For job-skill match outcome, we find that age matters for women – indicating lengthier spells for achieving a job-skill match for older women than similarly aged men. On finding a permanent job, we find that being a parent is not significant, but that having a graduate diploma or certificate improves one’s chances of finding a permanent job, particularly for men. Finally, we find that individuals from non-English speaking countries and year of graduation penalises men more than women, while area unemployment rate penalises women more than men.

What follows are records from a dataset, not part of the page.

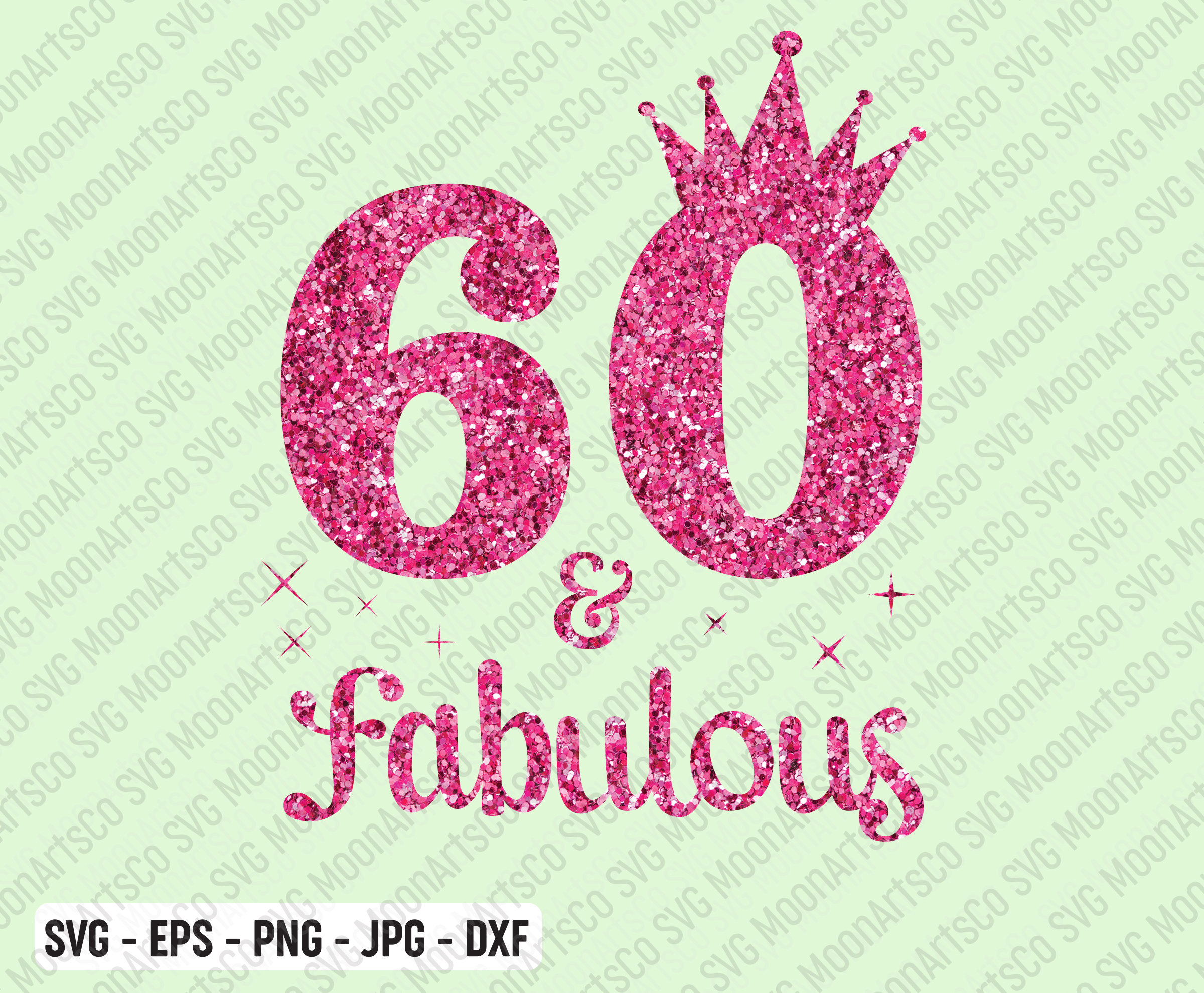60 and Fabulous Birthday SVG - 60th Birthday Svg, 60 Years Old Birthday Svg, Sixty Svg Birthday, 60th Birthday Silhouette Custom File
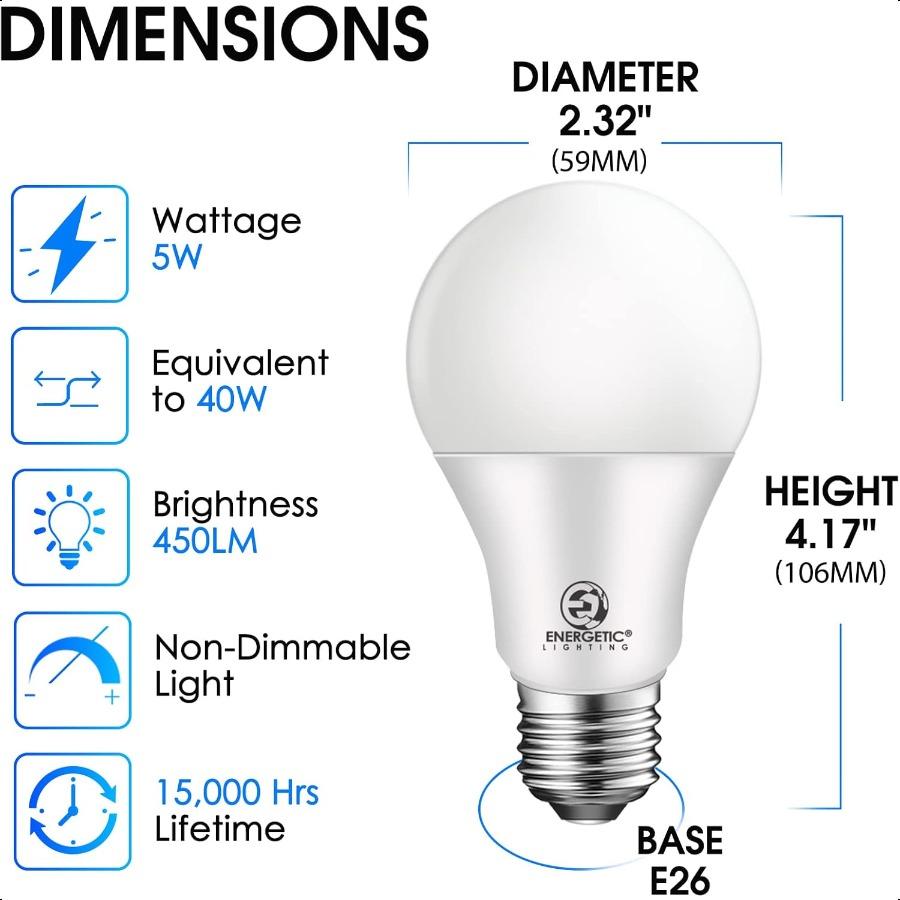 

Energetic 24 Pack A19 LED Light Bulb 40 Watt Equivalent Daylight 5000K E26 Standard Base ETL UL Listed nDimmable LED Light Bulb United States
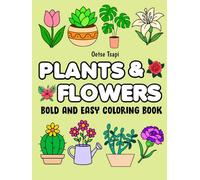 Plants & Flowers Bold and Easy Coloring Book: Relaxing Plant & Floral Designs for Adults and Seniors | Large Print, Simple Line Art for Stress Relief ... | Perfect for Beginners and Garden Lovers
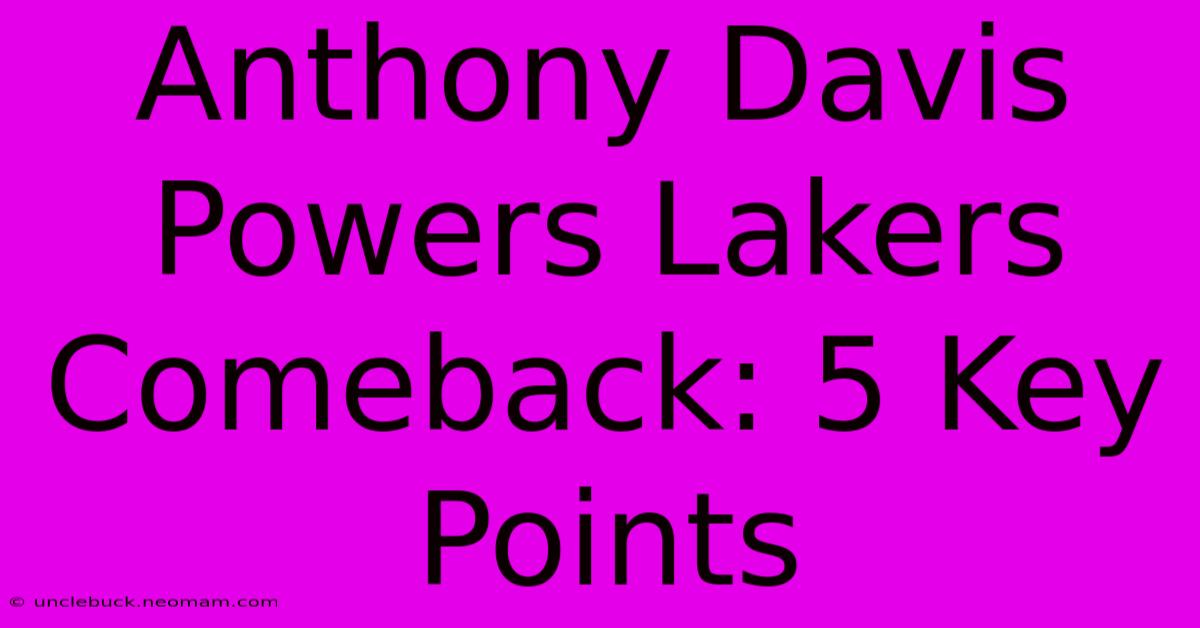 Anthony Davis Powers Lakers Comeback: 5 Key Points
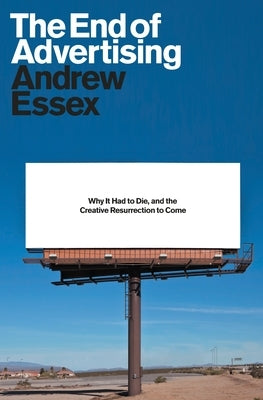 The End of Advertising: Why It Had to Die, and the Creative Resurrection to Come by Essex, Andrew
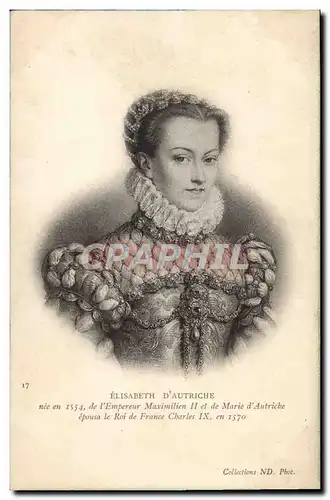 Ansichtskarte AK Elisabeth d&#39Autriche epousa le Roi de France Charles IX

With regards to the covariate living in areas of high unemployment, this is thought to reflect the delicate balancing act that women have to do to pursue a successful career and attend to family caring duties at the same time. Our results are consistent with previous studies that show commuting times are a strong determinant of the labour supply in US cities (Black et al. 2014). Married women, particularly those with young children, are particularly sensitive to commuting time (Rosenthal and Strange 2012). Married women with young children located in close geographical proximity to their mothers or mothers-in-law can more easily participate in the labour market given the availability of childcare (Compton and Pollak 2014). Indeed, previous work by Le Barbanchon et al. (2019) shows that, on average, women have a lower willingness to commute relative to men.
Footnotes
[1] Possible selection bias in measuring differences in outcomes is an important and complex issue. Thus, it may not be surprising that efforts to address it have not yet achieved a consensus. Some differences arise because each of the reviewed studies not only focuses on a different data set or time period, but each uses a different approach to correcting for selection or implements it differently - including different definitions of the wage sample and different specifications of estimating equations.
[2] The economic literature is however unclear whether the issue of selection produces biased results; a comprehensive review of empirical works concludes that the evidence is mixed (Blau and Kahn 2017).